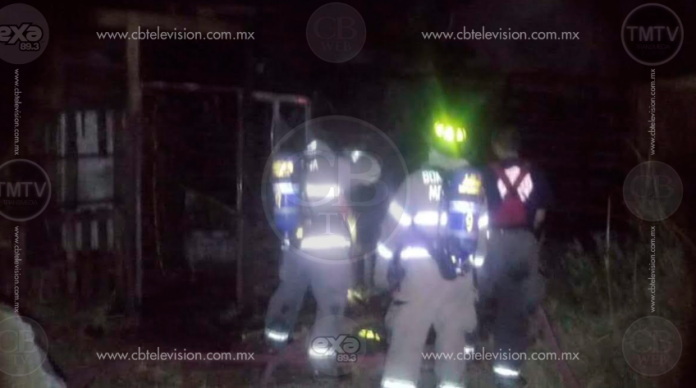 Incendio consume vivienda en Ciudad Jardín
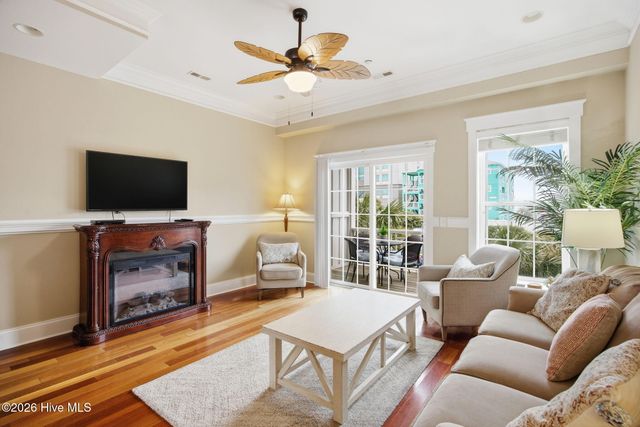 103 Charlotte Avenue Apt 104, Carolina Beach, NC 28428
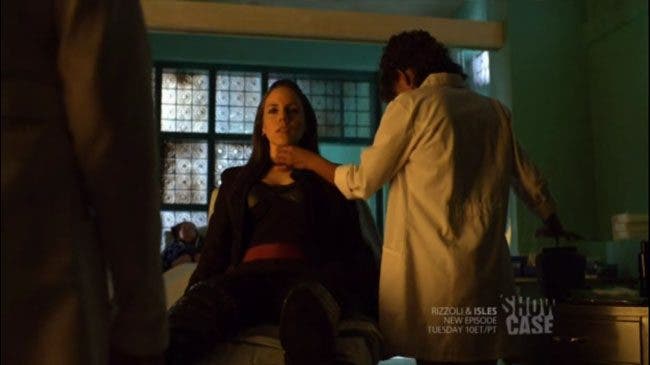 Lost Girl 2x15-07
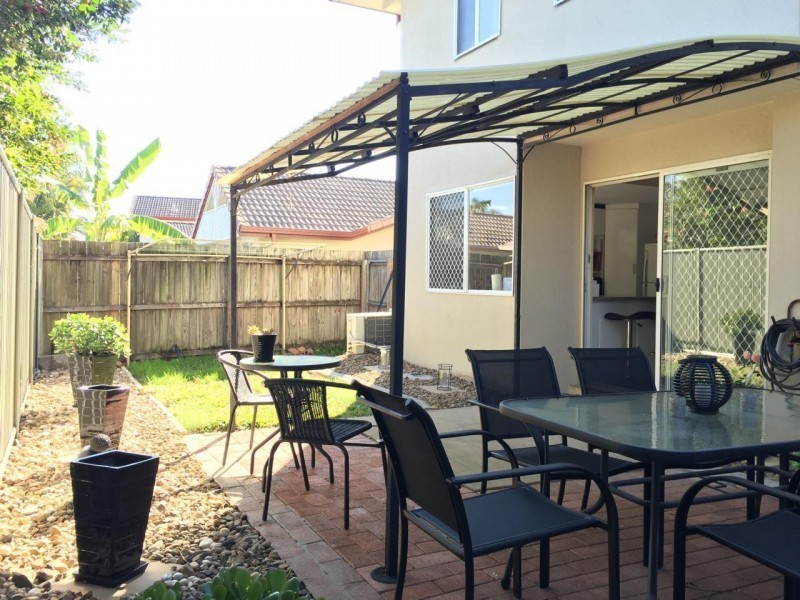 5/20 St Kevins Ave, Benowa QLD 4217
#####
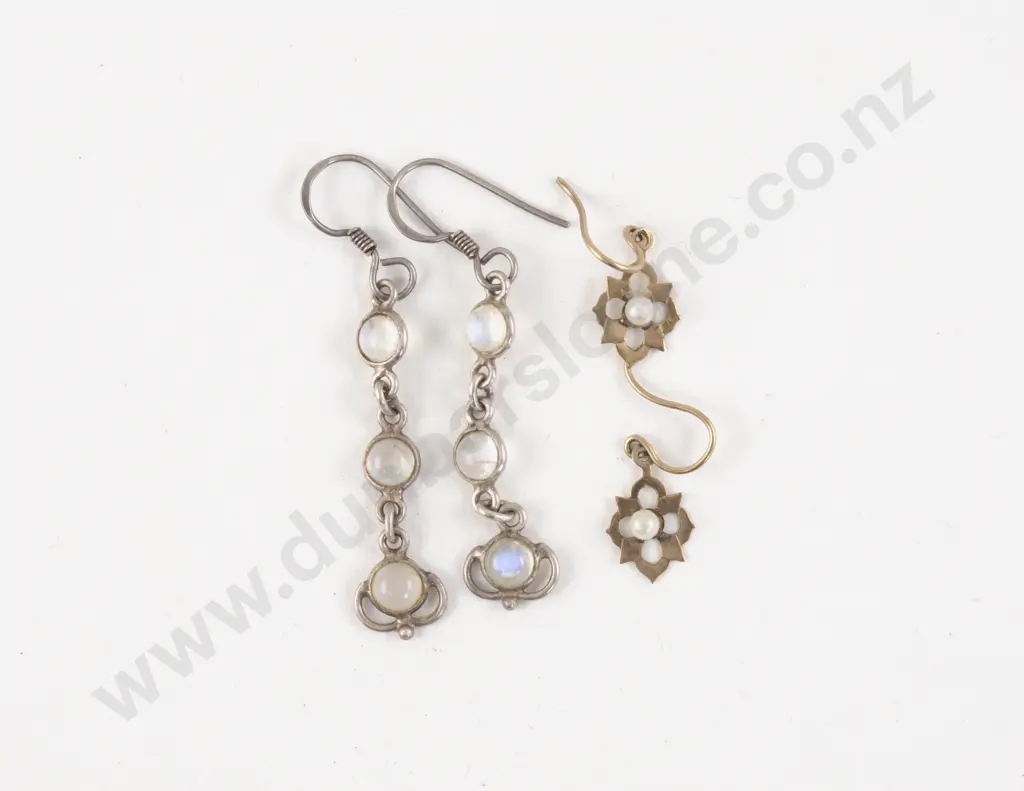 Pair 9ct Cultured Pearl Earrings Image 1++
#####
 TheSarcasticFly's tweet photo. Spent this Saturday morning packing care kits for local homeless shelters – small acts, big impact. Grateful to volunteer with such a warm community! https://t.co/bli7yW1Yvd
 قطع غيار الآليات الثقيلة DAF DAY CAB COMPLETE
#####
What is needed -> Out of the records above, set down only the lines from the one that contains "Lost Girl 2x15-07" through the one that contains "5/20 St Kevins Ave, Benowa QLD 4217", unchanged and without the pictures.

Solved problem ->
 Lost Girl 2x15-07
 5/20 St Kevins Ave, Benowa QLD 4217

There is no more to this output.